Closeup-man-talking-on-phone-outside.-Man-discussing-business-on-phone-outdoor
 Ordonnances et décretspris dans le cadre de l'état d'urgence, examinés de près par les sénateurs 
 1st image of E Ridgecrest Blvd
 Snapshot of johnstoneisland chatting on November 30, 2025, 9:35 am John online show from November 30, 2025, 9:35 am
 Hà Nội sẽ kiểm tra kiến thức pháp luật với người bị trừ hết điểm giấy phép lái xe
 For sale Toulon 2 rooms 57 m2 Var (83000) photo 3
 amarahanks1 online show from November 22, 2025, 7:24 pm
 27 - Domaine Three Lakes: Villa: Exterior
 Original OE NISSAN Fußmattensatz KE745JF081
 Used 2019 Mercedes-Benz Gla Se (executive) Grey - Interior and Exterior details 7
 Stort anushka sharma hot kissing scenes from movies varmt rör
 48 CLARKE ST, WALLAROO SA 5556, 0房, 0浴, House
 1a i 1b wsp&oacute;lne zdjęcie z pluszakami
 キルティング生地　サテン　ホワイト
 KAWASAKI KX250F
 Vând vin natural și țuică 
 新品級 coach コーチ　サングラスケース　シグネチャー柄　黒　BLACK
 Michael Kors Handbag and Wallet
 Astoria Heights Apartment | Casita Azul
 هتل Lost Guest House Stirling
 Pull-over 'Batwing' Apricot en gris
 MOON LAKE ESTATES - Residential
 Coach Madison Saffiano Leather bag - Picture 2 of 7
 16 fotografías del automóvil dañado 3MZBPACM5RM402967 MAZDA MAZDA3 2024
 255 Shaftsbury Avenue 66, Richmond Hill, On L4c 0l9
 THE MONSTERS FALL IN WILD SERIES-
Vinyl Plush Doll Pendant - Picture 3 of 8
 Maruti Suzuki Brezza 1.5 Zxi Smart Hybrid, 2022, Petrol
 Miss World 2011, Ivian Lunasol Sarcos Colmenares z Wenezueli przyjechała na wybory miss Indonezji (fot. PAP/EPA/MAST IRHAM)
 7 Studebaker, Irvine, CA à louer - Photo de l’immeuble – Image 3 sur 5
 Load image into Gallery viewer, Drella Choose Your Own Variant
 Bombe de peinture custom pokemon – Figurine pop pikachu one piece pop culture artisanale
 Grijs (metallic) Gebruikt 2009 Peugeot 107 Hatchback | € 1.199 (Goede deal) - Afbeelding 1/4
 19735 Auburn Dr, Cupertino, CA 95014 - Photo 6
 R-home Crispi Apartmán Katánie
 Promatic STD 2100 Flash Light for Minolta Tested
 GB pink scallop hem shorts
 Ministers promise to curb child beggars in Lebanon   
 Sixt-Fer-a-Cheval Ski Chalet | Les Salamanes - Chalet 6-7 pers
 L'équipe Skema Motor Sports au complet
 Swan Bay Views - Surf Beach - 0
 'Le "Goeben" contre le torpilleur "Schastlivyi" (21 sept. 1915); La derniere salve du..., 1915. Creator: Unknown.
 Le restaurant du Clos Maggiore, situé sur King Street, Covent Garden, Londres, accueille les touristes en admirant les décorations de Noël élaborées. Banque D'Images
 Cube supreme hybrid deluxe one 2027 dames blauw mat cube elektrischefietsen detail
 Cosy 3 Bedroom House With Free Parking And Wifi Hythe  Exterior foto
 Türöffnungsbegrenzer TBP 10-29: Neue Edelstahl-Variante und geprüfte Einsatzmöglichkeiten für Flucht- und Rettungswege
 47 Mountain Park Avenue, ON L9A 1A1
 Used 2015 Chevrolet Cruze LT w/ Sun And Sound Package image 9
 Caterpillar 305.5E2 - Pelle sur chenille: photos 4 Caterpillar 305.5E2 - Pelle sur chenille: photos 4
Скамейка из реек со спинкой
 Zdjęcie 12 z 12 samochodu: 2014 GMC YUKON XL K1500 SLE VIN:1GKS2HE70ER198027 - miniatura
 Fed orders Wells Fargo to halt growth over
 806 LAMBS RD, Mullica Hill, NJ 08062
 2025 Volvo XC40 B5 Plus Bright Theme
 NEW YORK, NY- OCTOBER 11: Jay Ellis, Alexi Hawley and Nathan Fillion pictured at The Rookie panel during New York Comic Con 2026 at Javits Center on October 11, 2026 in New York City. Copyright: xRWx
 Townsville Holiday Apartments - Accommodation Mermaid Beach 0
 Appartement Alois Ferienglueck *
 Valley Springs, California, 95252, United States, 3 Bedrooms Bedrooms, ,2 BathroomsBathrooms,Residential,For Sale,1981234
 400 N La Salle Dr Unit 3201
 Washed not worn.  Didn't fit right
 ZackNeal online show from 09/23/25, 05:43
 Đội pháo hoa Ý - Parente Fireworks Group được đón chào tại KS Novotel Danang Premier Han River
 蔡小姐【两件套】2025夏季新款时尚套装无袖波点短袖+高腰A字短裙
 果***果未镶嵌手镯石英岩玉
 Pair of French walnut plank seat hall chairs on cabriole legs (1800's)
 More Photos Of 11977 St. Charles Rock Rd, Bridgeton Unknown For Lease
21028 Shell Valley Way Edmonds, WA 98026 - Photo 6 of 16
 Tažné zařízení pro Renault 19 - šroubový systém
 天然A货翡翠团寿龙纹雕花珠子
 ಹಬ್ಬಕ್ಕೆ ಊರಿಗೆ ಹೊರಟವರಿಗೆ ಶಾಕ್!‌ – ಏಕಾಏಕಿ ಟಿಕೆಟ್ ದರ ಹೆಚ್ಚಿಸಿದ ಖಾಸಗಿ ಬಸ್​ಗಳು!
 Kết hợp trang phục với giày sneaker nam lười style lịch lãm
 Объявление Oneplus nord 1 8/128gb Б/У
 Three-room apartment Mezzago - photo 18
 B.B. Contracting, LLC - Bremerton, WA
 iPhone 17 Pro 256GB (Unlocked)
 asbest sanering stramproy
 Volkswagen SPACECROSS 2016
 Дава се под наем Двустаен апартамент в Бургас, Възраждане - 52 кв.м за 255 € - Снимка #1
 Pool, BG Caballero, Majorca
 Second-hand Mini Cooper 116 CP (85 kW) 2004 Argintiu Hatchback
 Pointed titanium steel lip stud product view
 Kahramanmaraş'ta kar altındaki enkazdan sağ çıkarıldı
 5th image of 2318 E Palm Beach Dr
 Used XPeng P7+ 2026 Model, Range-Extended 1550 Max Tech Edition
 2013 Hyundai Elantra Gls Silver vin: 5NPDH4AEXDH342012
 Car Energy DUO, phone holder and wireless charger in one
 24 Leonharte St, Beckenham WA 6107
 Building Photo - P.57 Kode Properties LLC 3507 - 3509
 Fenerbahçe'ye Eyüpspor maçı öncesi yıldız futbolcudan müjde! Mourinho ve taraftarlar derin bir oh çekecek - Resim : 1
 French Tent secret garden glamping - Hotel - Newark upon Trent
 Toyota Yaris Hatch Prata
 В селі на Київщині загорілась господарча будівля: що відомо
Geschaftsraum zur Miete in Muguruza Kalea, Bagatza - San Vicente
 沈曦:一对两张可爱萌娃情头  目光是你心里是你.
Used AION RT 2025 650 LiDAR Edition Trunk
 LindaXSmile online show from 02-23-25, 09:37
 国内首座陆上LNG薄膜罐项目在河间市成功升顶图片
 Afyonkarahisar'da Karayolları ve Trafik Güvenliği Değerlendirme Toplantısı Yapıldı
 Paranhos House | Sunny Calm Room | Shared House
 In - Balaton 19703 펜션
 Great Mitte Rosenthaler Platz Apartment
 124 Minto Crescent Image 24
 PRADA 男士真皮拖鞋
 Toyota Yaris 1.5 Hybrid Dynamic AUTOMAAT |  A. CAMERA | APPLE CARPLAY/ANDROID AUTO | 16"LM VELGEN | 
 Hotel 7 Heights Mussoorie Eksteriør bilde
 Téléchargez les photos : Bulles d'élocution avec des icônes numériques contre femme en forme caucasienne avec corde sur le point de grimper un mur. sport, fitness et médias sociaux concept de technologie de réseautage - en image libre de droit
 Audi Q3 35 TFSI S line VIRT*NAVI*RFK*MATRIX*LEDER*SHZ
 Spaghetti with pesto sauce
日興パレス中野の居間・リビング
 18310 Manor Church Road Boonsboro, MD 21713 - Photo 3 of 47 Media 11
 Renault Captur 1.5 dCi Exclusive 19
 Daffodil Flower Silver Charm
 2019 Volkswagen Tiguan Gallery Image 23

» WHAT YOU WILL DO:
Produce an exact copy of each line from the one holding "Kahramanmaraş'ta kar altındaki" through the last line of the records, both included, and nothing more.

» RESULT OF THE EXERCISE:
 Kahramanmaraş'ta kar altındaki enkazdan sağ çıkarıldı
 5th image of 2318 E Palm Beach Dr
 Used XPeng P7+ 2026 Model, Range-Extended 1550 Max Tech Edition
 2013 Hyundai Elantra Gls Silver vin: 5NPDH4AEXDH342012
 Car Energy DUO, phone holder and wireless charger in one
 24 Leonharte St, Beckenham WA 6107
 Building Photo - P.57 Kode Properties LLC 3507 - 3509
 Fenerbahçe'ye Eyüpspor maçı öncesi yıldız futbolcudan müjde! Mourinho ve taraftarlar derin bir oh çekecek - Resim : 1
 French Tent secret garden glamping - Hotel - Newark upon Trent
 Toyota Yaris Hatch Prata
 В селі на Київщині загорілась господарча будівля: що відомо
Geschaftsraum zur Miete in Muguruza Kalea, Bagatza - San Vicente
 沈曦:一对两张可爱萌娃情头  目光是你心里是你.
Used AION RT 2025 650 LiDAR Edition Trunk
 LindaXSmile online show from 02-23-25, 09:37
 国内首座陆上LNG薄膜罐项目在河间市成功升顶图片
 Afyonkarahisar'da Karayolları ve Trafik Güvenliği Değerlendirme Toplantısı Yapıldı
 Paranhos House | Sunny Calm Room | Shared House
 In - Balaton 19703 펜션
 Great Mitte Rosenthaler Platz Apartment
 124 Minto Crescent Image 24
 PRADA 男士真皮拖鞋
 Toyota Yaris 1.5 Hybrid Dynamic AUTOMAAT |  A. CAMERA | APPLE CARPLAY/ANDROID AUTO | 16"LM VELGEN | 
 Hotel 7 Heights Mussoorie Eksteriør bilde
 Téléchargez les photos : Bulles d'élocution avec des icônes numériques contre femme en forme caucasienne avec corde sur le point de grimper un mur. sport, fitness et médias sociaux concept de technologie de réseautage - en image libre de droit
 Audi Q3 35 TFSI S line VIRT*NAVI*RFK*MATRIX*LEDER*SHZ
 Spaghetti with pesto sauce
日興パレス中野の居間・リビング
 18310 Manor Church Road Boonsboro, MD 21713 - Photo 3 of 47 Media 11
 Renault Captur 1.5 dCi Exclusive 19
 Daffodil Flower Silver Charm
 2019 Volkswagen Tiguan Gallery Image 23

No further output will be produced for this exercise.